EXERCISE DESCRIPTION: In your copy, include every entry exactly as written but no pictures.

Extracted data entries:
·····

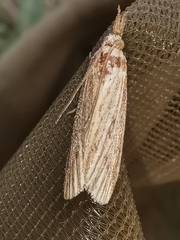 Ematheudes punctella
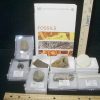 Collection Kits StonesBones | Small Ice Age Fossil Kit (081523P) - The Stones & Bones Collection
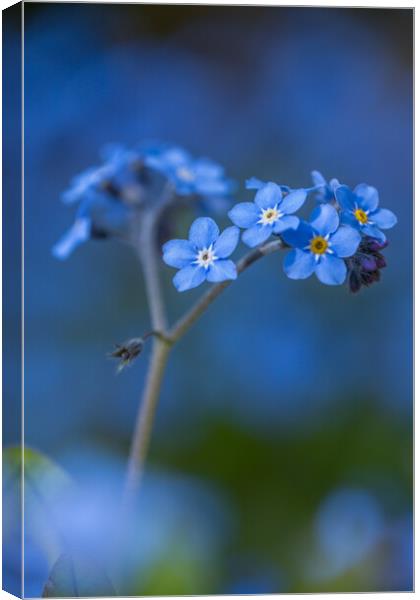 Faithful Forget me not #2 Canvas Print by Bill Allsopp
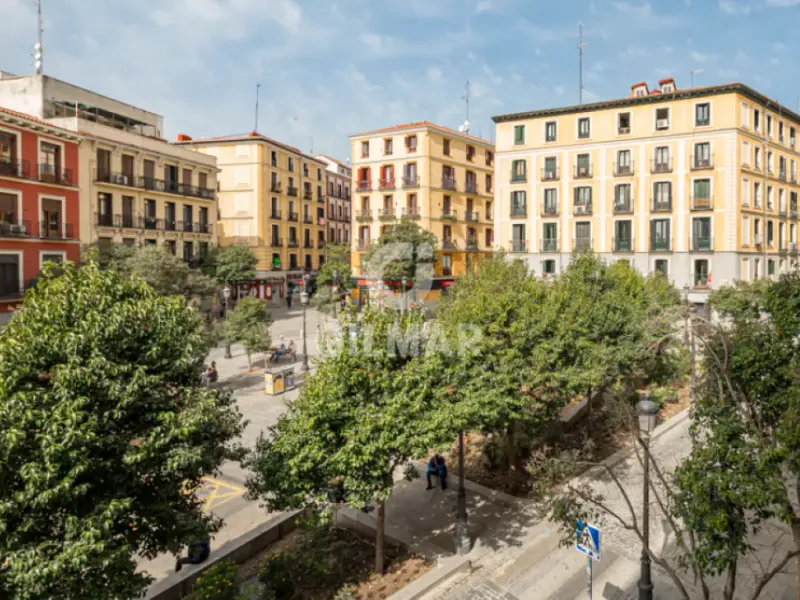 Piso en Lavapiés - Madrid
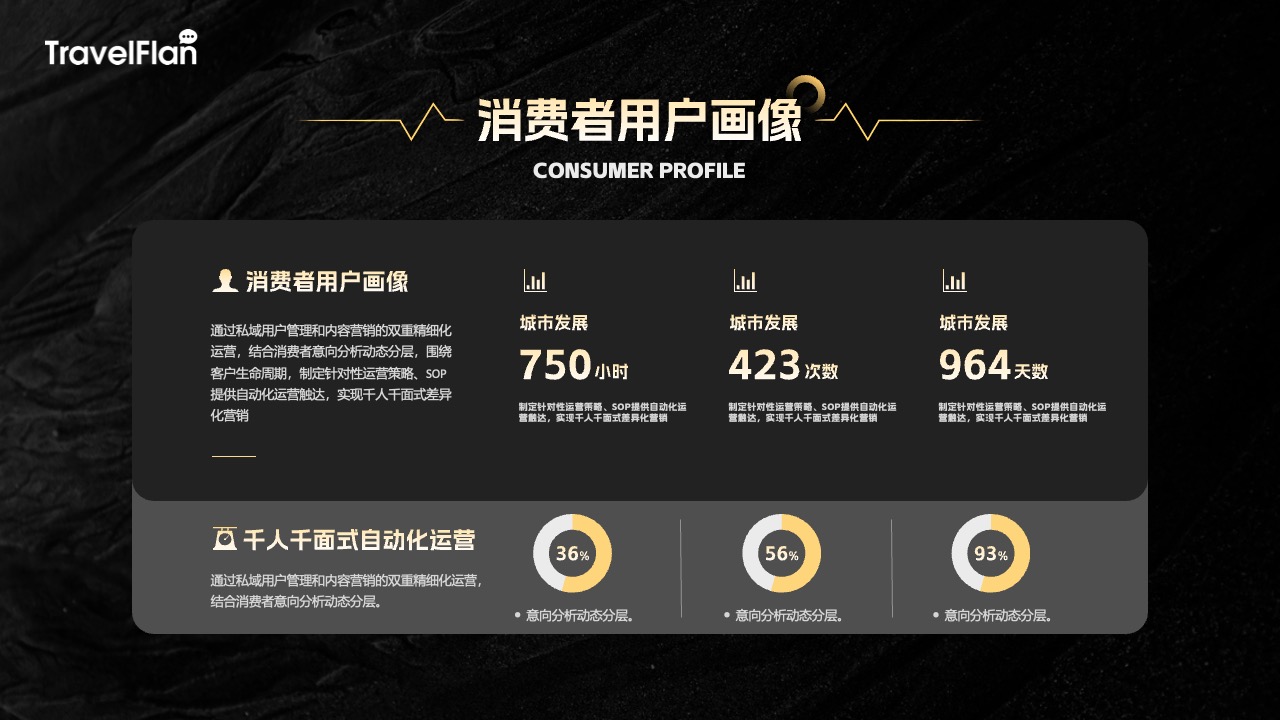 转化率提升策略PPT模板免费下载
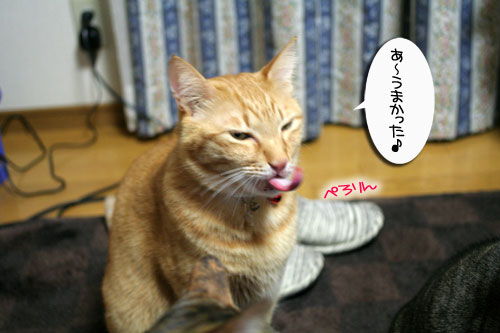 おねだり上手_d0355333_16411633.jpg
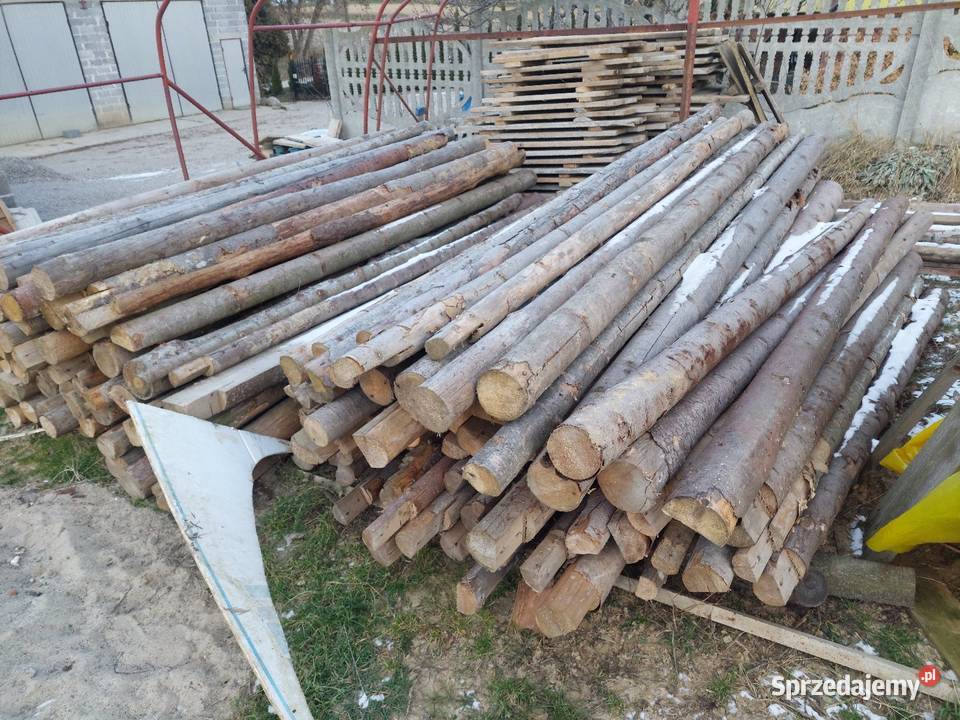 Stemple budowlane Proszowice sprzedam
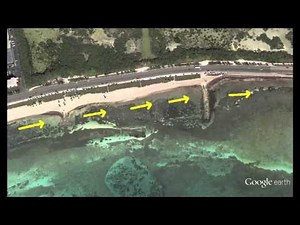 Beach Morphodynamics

·····

ANSWER BOX:
 Ematheudes punctella
 Collection Kits StonesBones | Small Ice Age Fossil Kit (081523P) - The Stones & Bones Collection
 Faithful Forget me not #2 Canvas Print by Bill Allsopp
 Piso en Lavapiés - Madrid
 转化率提升策略PPT模板免费下载
 おねだり上手_d0355333_16411633.jpg
 Stemple budowlane Proszowice sprzedam
 Beach Morphodynamics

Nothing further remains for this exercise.